● **WORK ITEM**: Nothing past the line containing "psychiatry restraint posey" belongs in the output. Copy exactly every line of the data below from the first up to and including it.

================

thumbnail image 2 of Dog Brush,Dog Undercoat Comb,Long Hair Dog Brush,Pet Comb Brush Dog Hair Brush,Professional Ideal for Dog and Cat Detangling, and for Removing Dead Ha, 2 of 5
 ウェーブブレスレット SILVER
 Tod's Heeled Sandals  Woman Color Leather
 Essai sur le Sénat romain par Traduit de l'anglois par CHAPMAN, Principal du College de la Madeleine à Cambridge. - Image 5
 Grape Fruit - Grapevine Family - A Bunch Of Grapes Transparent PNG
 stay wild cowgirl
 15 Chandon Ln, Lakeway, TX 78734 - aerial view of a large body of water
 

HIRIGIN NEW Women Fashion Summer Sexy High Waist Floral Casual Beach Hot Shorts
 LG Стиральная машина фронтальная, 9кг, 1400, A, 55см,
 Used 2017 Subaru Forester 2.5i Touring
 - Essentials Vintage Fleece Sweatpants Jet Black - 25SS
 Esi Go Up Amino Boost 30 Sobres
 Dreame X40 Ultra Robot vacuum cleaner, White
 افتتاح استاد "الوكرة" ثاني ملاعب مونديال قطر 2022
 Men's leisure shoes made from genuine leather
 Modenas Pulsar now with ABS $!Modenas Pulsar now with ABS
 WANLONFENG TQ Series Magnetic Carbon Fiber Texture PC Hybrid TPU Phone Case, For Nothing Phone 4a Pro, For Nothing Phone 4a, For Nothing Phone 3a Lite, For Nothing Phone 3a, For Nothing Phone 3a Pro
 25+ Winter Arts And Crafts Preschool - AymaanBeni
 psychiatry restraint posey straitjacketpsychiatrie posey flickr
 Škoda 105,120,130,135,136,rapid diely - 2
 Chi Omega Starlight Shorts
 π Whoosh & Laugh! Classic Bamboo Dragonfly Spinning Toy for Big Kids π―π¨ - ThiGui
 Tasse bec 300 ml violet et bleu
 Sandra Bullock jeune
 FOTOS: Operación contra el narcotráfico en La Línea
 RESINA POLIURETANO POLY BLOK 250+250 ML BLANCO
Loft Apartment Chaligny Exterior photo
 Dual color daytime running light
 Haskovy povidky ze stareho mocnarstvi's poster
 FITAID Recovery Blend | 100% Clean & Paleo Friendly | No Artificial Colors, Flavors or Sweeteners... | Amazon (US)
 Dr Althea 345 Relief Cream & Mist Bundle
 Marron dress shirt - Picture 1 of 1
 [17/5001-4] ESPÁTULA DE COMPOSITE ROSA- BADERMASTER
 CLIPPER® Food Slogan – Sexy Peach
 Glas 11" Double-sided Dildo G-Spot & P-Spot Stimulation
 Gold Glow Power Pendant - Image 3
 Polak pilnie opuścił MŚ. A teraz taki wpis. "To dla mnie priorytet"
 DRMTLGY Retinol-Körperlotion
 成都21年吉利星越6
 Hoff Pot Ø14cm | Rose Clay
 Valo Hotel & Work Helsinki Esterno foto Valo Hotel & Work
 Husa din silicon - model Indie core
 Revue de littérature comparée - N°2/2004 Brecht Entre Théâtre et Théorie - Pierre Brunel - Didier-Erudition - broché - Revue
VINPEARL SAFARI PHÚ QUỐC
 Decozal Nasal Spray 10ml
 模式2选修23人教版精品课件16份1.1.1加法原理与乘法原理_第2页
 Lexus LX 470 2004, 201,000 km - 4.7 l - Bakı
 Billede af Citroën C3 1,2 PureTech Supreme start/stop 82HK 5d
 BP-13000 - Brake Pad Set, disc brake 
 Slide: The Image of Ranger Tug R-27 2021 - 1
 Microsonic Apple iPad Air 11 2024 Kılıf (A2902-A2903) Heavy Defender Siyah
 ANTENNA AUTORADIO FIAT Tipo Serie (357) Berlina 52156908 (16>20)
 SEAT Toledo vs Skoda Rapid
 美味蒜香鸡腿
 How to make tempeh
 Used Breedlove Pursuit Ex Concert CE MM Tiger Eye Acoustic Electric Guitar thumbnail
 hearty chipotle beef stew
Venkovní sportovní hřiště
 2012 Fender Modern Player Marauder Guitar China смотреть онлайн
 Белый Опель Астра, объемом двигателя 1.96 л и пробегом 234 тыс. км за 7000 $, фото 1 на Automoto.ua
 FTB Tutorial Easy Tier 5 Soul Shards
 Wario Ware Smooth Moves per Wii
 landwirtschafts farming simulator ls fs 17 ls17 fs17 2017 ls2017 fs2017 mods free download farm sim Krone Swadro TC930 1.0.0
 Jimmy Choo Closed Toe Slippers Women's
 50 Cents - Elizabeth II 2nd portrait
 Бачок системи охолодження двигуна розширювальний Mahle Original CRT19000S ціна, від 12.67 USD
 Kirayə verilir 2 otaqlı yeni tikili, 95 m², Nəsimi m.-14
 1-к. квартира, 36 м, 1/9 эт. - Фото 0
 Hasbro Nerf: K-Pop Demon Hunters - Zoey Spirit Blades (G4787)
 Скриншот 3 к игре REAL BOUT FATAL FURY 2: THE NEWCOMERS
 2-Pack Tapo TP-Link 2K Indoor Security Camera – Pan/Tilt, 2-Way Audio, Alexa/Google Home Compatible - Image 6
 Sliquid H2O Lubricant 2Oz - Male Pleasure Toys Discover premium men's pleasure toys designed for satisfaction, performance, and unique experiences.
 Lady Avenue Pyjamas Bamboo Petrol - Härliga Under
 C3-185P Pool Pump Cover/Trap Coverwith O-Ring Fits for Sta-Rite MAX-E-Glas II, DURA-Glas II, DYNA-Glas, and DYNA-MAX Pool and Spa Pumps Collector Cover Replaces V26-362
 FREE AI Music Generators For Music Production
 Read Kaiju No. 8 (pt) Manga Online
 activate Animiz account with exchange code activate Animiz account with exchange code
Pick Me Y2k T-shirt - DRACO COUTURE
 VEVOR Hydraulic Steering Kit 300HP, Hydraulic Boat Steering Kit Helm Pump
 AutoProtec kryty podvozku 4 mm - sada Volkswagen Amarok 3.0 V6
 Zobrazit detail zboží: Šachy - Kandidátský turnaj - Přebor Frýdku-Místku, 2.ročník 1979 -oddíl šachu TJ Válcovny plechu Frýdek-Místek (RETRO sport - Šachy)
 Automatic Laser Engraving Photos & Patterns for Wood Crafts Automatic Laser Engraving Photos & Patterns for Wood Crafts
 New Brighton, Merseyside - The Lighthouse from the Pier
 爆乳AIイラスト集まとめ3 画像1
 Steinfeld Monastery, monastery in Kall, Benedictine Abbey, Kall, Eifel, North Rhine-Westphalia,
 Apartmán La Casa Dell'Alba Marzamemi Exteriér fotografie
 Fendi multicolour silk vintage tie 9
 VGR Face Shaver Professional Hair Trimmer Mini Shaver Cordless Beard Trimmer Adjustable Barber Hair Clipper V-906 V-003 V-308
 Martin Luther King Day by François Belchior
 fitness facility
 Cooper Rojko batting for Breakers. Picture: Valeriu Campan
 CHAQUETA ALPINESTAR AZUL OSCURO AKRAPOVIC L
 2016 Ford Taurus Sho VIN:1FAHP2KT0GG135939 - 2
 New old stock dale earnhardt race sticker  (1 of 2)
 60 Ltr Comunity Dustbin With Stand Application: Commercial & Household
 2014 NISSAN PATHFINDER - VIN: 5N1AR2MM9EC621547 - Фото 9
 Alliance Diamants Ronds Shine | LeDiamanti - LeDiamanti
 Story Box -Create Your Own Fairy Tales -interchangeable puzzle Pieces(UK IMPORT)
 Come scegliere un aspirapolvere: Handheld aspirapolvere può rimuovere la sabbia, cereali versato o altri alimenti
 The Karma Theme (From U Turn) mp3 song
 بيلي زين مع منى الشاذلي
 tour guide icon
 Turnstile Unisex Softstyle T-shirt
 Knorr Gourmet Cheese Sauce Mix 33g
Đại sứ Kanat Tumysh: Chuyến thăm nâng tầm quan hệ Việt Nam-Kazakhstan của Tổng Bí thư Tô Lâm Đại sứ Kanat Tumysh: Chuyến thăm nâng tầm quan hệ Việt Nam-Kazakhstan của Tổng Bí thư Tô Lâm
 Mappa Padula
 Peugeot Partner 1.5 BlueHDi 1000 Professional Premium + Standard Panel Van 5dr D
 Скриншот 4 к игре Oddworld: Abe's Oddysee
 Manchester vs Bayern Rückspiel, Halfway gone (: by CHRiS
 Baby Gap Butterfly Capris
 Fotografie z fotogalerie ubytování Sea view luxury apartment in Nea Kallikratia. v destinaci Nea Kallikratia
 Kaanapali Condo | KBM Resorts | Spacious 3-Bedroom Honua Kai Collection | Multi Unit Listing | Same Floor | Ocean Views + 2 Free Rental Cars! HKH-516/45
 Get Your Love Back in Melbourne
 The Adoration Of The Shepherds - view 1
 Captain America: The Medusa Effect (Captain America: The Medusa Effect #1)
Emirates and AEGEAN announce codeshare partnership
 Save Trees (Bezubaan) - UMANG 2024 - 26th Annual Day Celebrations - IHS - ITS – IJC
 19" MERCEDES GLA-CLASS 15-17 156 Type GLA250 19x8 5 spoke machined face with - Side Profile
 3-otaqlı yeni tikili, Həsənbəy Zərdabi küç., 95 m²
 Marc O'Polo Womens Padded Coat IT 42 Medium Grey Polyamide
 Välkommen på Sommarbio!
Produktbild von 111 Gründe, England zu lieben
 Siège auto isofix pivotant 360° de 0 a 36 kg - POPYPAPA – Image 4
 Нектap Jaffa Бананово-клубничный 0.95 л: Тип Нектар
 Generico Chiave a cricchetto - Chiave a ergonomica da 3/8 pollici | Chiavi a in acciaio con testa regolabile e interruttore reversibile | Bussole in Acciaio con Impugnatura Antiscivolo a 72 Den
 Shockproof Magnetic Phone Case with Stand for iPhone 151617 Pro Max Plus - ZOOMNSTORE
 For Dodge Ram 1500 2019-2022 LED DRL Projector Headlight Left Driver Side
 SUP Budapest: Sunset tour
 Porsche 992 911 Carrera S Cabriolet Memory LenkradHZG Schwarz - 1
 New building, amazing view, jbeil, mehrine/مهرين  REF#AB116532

================

● **WRITTEN RESPONSE**:
thumbnail image 2 of Dog Brush,Dog Undercoat Comb,Long Hair Dog Brush,Pet Comb Brush Dog Hair Brush,Professional Ideal for Dog and Cat Detangling, and for Removing Dead Ha, 2 of 5
 ウェーブブレスレット SILVER
 Tod's Heeled Sandals  Woman Color Leather
 Essai sur le Sénat romain par Traduit de l'anglois par CHAPMAN, Principal du College de la Madeleine à Cambridge. - Image 5
 Grape Fruit - Grapevine Family - A Bunch Of Grapes Transparent PNG
 stay wild cowgirl
 15 Chandon Ln, Lakeway, TX 78734 - aerial view of a large body of water
 

HIRIGIN NEW Women Fashion Summer Sexy High Waist Floral Casual Beach Hot Shorts
 LG Стиральная машина фронтальная, 9кг, 1400, A, 55см,
 Used 2017 Subaru Forester 2.5i Touring
 - Essentials Vintage Fleece Sweatpants Jet Black - 25SS
 Esi Go Up Amino Boost 30 Sobres
 Dreame X40 Ultra Robot vacuum cleaner, White
 افتتاح استاد "الوكرة" ثاني ملاعب مونديال قطر 2022
 Men's leisure shoes made from genuine leather
 Modenas Pulsar now with ABS $!Modenas Pulsar now with ABS
 WANLONFENG TQ Series Magnetic Carbon Fiber Texture PC Hybrid TPU Phone Case, For Nothing Phone 4a Pro, For Nothing Phone 4a, For Nothing Phone 3a Lite, For Nothing Phone 3a, For Nothing Phone 3a Pro
 25+ Winter Arts And Crafts Preschool - AymaanBeni
 psychiatry restraint posey straitjacketpsychiatrie posey flickr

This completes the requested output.